Build flexibility into your compliance infrastructure. Document your decision-making frameworks, but design them to adapt as requirements evolve. Modular beats monolithic.
Update your AI disclosure language. Texas and California both require disclosure when consumers interact with AI. Review your chatbots, customer service systems, and any consumer-facing AI for compliance.
Brief your legal and compliance teams on the March 2026 deadlines. The FTC policy statement and Commerce Department list will clarify which state laws face the most pressure. Calendar those dates now.
Review your enterprise contracts for AI compliance reps. Your customers are asking about AI governance. Make sure your reps and warranties reflect what you can actually deliver, not aspirational compliance.
Document your good-faith compliance efforts. If you do face enforcement, demonstrable effort to comply matters. Create the paper trail now.

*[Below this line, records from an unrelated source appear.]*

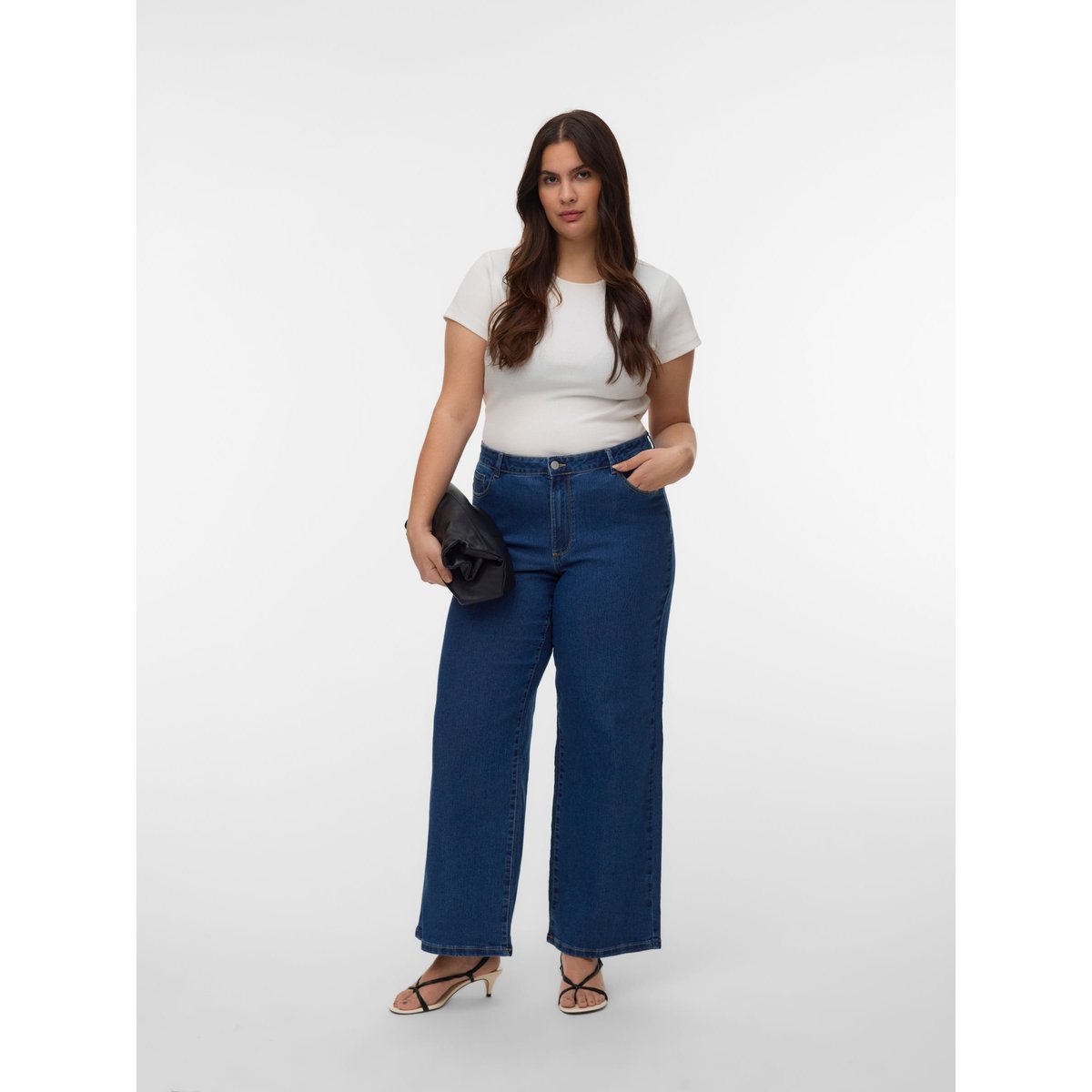 Jean À Coupe Large dark blue denim, VERO MODA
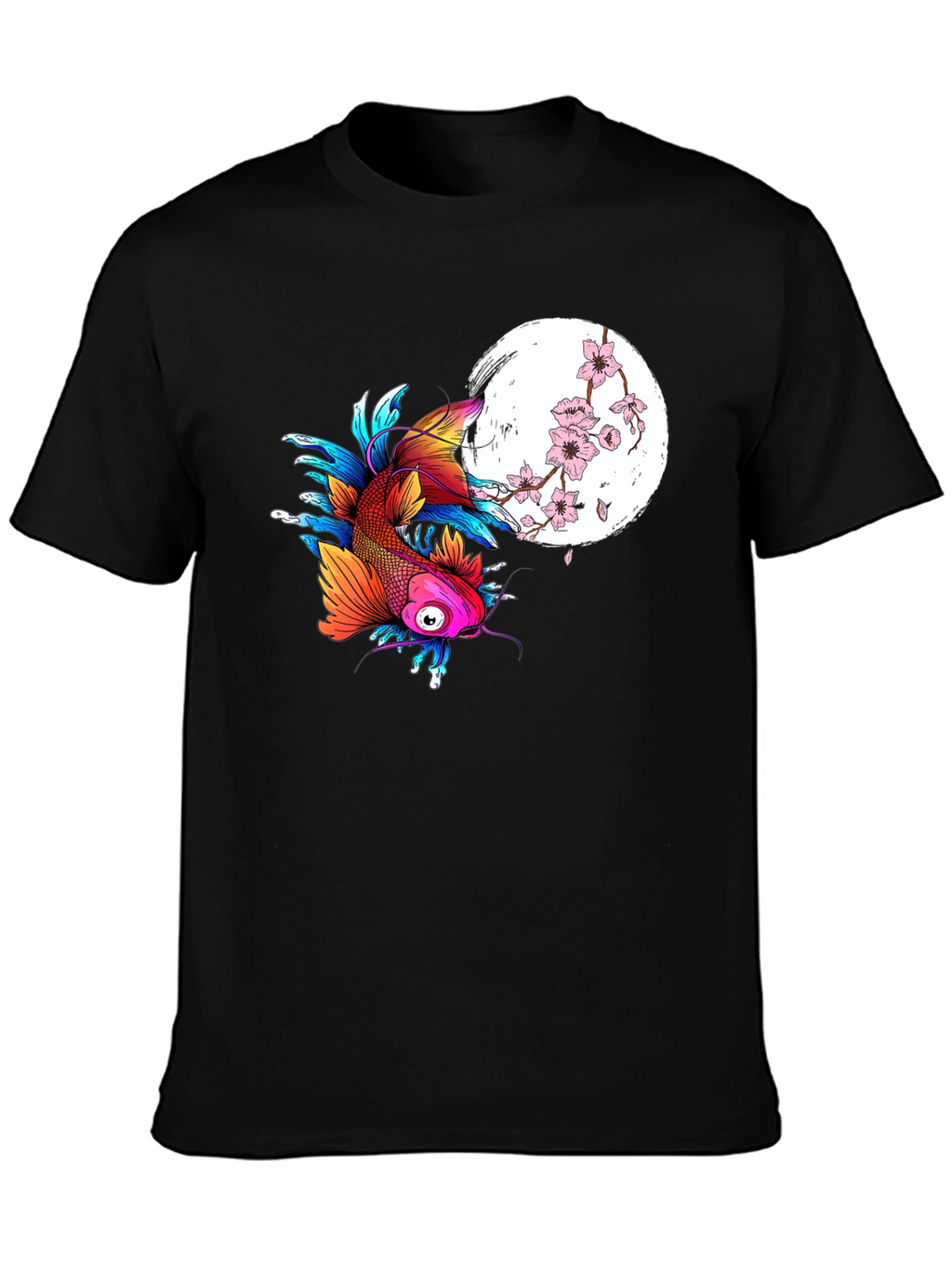 Koi Fish & Cherry Blossom Graphic Tee - Black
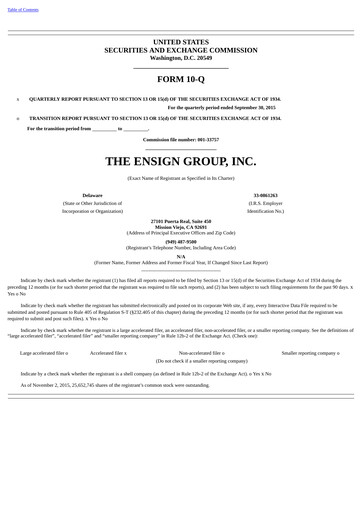 Thumbnail The Ensign Group Quarterly Report 2015-q3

Watch for state AG enforcement signals. California and Texas AGs may accelerate enforcement before federal courts can act. Monitor their public statements and enforcement priorities.
What We're Watching
January 10, 2026: DOJ AI Litigation Task Force officially launches. Watch for initial target selection and litigation strategy signals.
March 11, 2026: FTC policy statement on AI and state law preemption due. This could provide the legal theory for broader preemption challenges.
March 2026: Commerce Department publishes list of state AI laws deemed "onerous" for BEAD funding purposes. This signals which laws face the most federal pressure.
June 30, 2026: Colorado AI Act effective date. By then, we'll know whether federal challenges have gained traction.
State AG activity: California and Texas attorneys general have been aggressive on tech enforcement. Expect them to move before federal courts can intervene.
The federal-state AI showdown won't resolve quickly. Constitutional litigation moves slowly. State legislatures may amend their laws. The FTC's March policy statement will add another variable. For at least the next 18 months, companies building and deploying AI systems will operate in genuine regulatory uncertainty.
That's not a reason to freeze. It's a reason to build governance programs that work under multiple scenarios. The companies that get this right will have a competitive advantage: they can tell customers and investors they're compliant today and adaptable tomorrow. The ones who bet on a single outcome, whether state law survives or federal preemption wins, are taking unnecessary risk.
The framework you build now is the framework you'll compete with for the next two years. Make it flexible.